Unfortunately, life isn’t that simple; if it was, PointCast might still be around and thriving today (well, that’s a bit of a stretch)…
RSS has several benefits for users and publishers. Personally, I see these as:
1. Timely, structured, aggregated updates of content that interest me (user)
2. Anonymous content pulls, in a relationship structure that I can terminate at will (user)
3. Distributed, standardized content structure and serving (publisher/aggregator client author)
Unfortunately, it is these very things that impact scalability. To wit:
w.r.t. #1
Until the perceived user difference between displaying a full text feed post/article in my aggregator client and loading the post/article real time is non-existent; and broadband access is so ubiquitous that “whacking” (remember that web term?) pages before jumping on the train, plane, etc holds no value… users will desire full-text, fetched pages vs. headline-only, substantially increasing bandwidth requirements.
w.r.t. #2
If the server doesn’t know the client, it must trust the client to “do the right thing”, e.g., respect a feed specific polling limitation. This inherently creates vulnerability for abuse, be it intentional (e.g., denial of service) or simple user over zealousness.
w.r.t. #3
PointCast had a central NOC; we pulled content from all of our providers and centrally served it up only the new/updated articles to known clients who could tell us their current client-side state. The content we pulled was “generally” in a standardized format, but of course it was easier for the folks working with giant media companies to request custom feed work than it was for them to force said media co’s to comply with our standard way back when. And it was certainly easier (business wise), though substantially more expensive and more technically challenging, for us to serve content vs. the media co’s.

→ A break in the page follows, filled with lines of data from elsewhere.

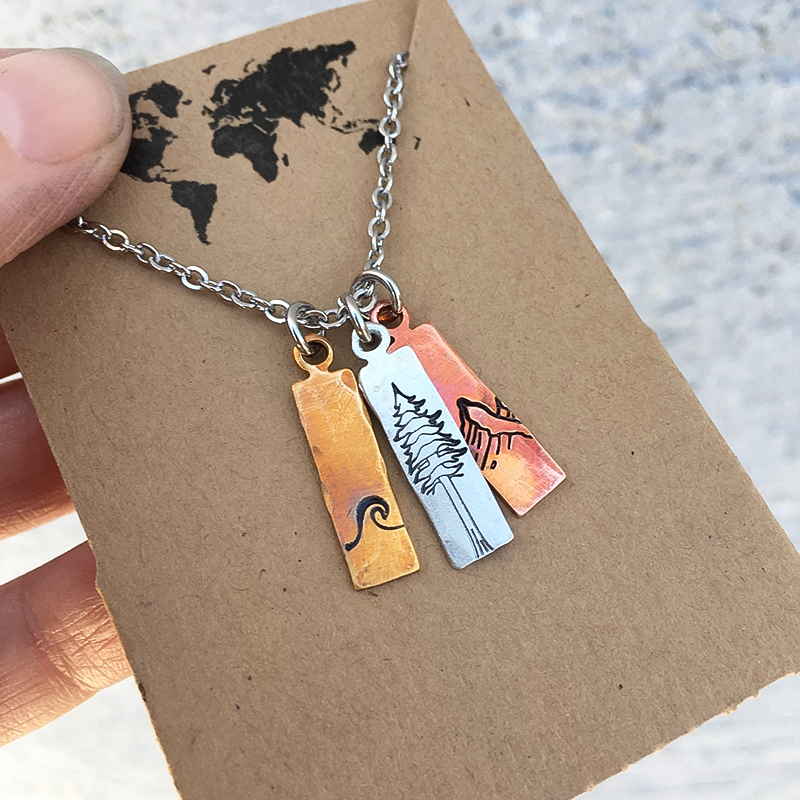 Nature Mixed Metal Charm Necklace (Waves, Mountains, Trees)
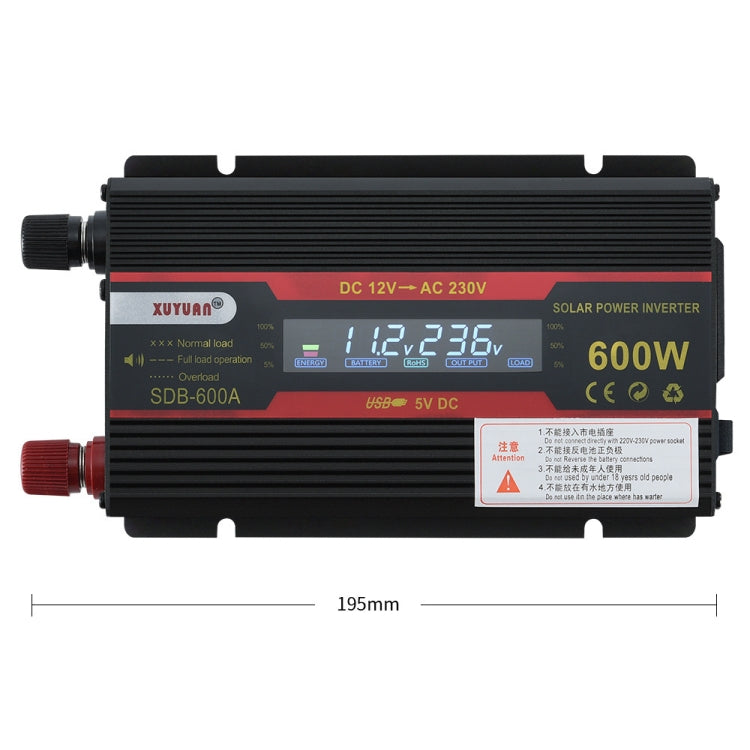 XUYUAN 600W Car Inverter LCD Display Converter, Specification: 12V to 110V -  by XUYUAN | Online Shopping UK | buy2fix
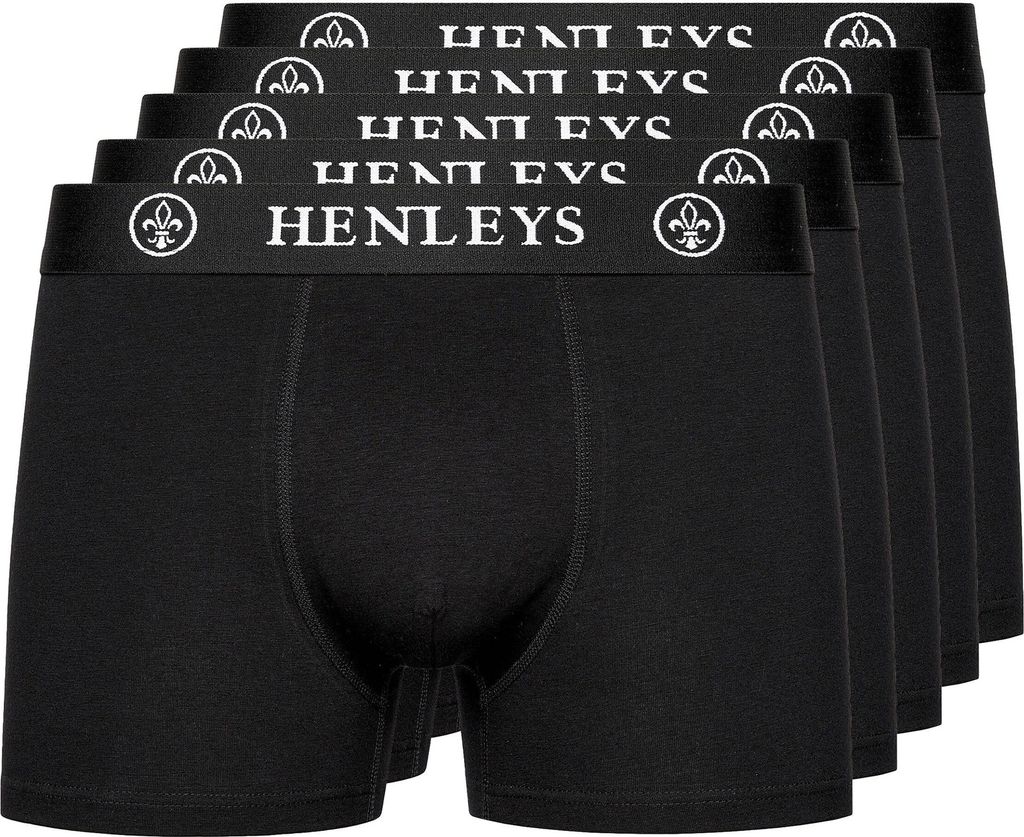 Henleys - "McBlacken" Boxershorts für Herren(5er-Pack) BG1335 (S) (Schwarz)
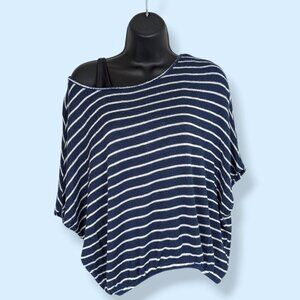 Striped Asymmetrical Stretch Sweater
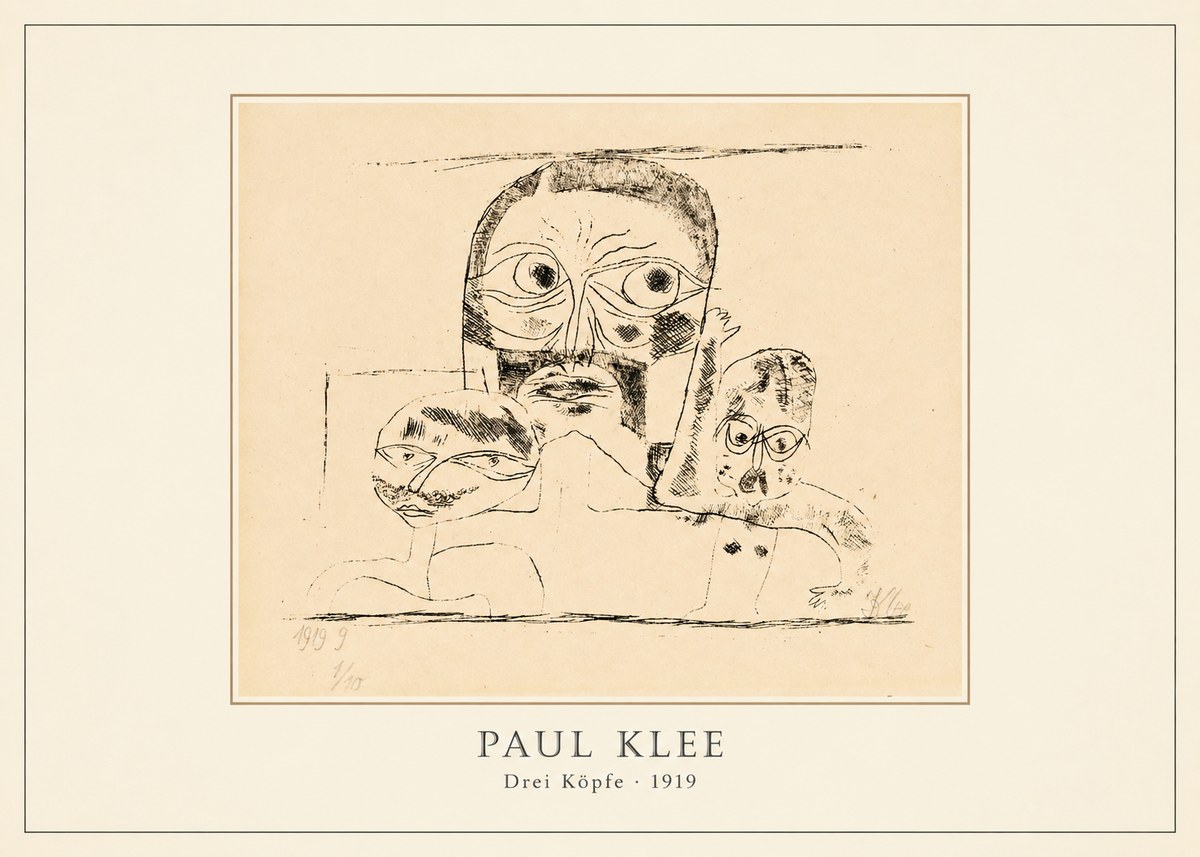 Paul Klee Drei Köpfe No3 - Plakat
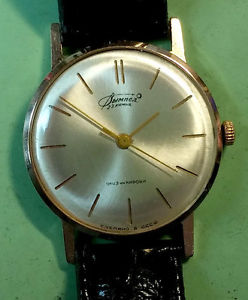 Vympel / Vimpel / Poljot / Luch solid 14k 583 gold Soviet Russian watch 60s USSR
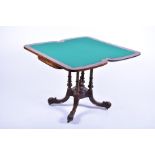A Victorian inlaid and quarter veneered burr walnut card table the rectangular swivel top inlaid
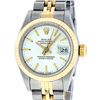 Image 1 : Rolex Ladies 2 Tone 14K White Index Fluted Datejust Wristwatch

Of course, things changed over time. Central servers and known clients fetching from a known state at first… then came “point servers” (local caching servers that all clients behind a given firewall would point to)… then CDF (the precursor to RSS, IMHO) when we wanted to distribute serving load for smaller publishers… to experiments with multi-casting (we actually implemented rudimentary multicast for very limited data feeds [e.g., weather temps] in either the 2.6 or 2.7 client, I forget)… to contemplation of P2P… to a new (3.0 architecture) focused on headlines-only! Full circle!
Unfortunately, users want what they want. And as I mentioned above, that’s full text, available instantaneously, whether they’re connected or not. Compression, P2P, multi-cast, known state, and similar concepts will all be needed, if the goal is truly to provide what user’s want and minimize resource utilization. RSS? No. RCS – Really Complex Syndication… but it’ll be worth it!